In its financial release, PAE said it saw a $58.5 million hit to second quarter revenue because of COVID-19 and what it called an “immaterial net impact” to free cash flow and adjusted EBITDA (earnings before interest, taxes, depreciation and amortization expenses). Equity analysts use the latter two metrics to measure a government services company’s financial health and profitability prospects.
Falls Church, Virginia-based PAE cited slowdowns in some contracts for logistics operations, labor-driven training and business process outsourcing programs along with the previously-mentioned award delays.
The company’s revised financial outlook for this year is a mixed bag of sorts given those dynamics. Revenue guidance was nudged lower to $2.6 billion-to-$2.7 billion. But the bottom end of the adjusted EBITDA outlook was lifted to $172 million with the top end unchanged at $178 million. Free cash flow remains expected to be at least $100 million.
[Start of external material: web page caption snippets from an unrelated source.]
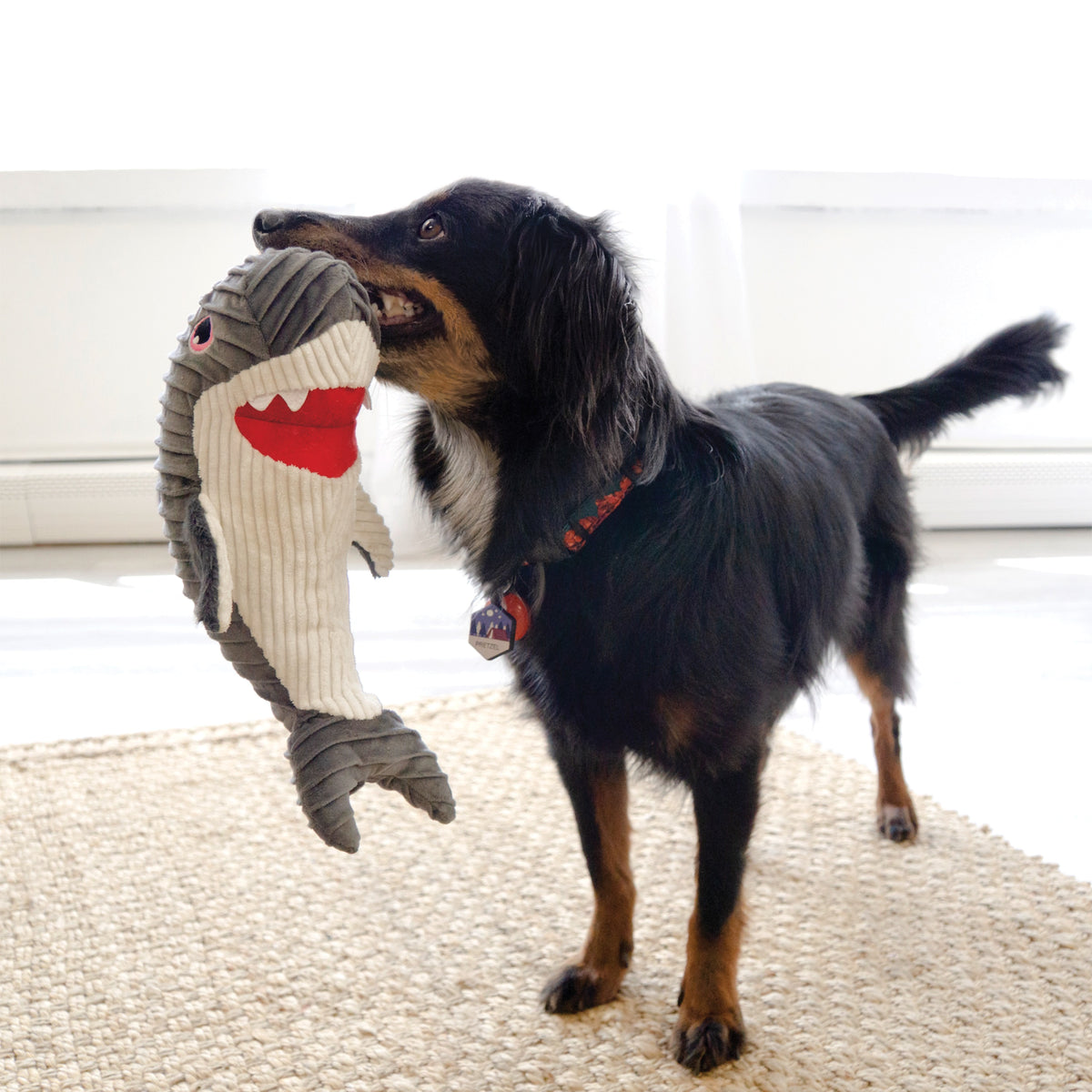 KONG® Cuteseas® Rufflez Shark Dog Plush Toy Medium/Large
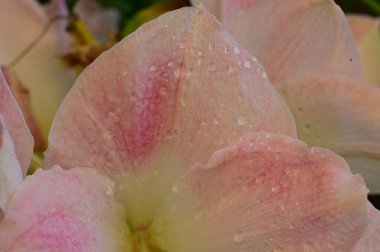 beautiful flowers, floral composition  background 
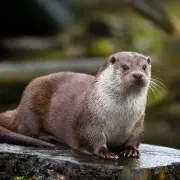 Neville - Otter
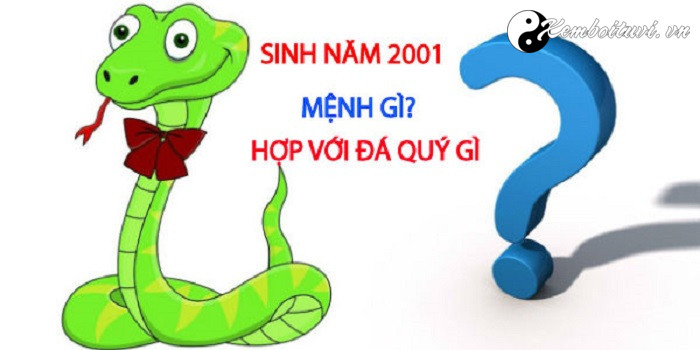 Năm 2001 là năm con gì Sinh năm 2001 là mệnh gì Tuổi gì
PAE’s total backlog as of the quarter’s end sat at around $6.2 billion and the book-to-bill ratio (contract bookings versus drawdowns for revenue) is 1.0 on a trailing 12-month basis. Both numbers could rise depending on the outcome of a corrective action regarding a $1.3 billion Customs and Border Protection aircraft maintenance contract that has seen multiple rounds of protests.
DynCorp International filed the latest protest in late spring against CBP’s selection of incumbent PAE, but the agency has since pulled the award back to re-examine proposals. Heller told analysts a new award could happen sometime later this year.
Along with pursuing contract wins, a second priority for PAE since it became a public company in February is to take down more debt and gain more runway on the balance sheet to make acquisitions.
PAE took down its debt leverage ratio to 2.8 times adjusted EBITDA in the quarter versus the 3.4 reading from when the company started trading on the public markets and has restarted conversations about refinancing, a reversal from where things stood in May when credit markets were largely frozen.
Its own financial situation aside, Heller said the landscape for PAE to at least look at potential acquisition targets is also much better than it was earlier in the year.
“We have seen during the COVID period, mid-March into July, a severe reduction or pullback in M&A activity. I think sellers saw the risk of going out when the financing markets were not strong and they had to focus on their business just like everyone else to make sure they got through that difficult period,” Heller said.
“But I think since July, there’s been a dramatic shift and we’ve seen a large number of opportunities come to market, several of which look very attractive to the PAE strategy. We’re definitely involved in examining those, but we’re going to remain focus on our priority of looking at a refinancing as the next step in our business evolution as a public company," he said.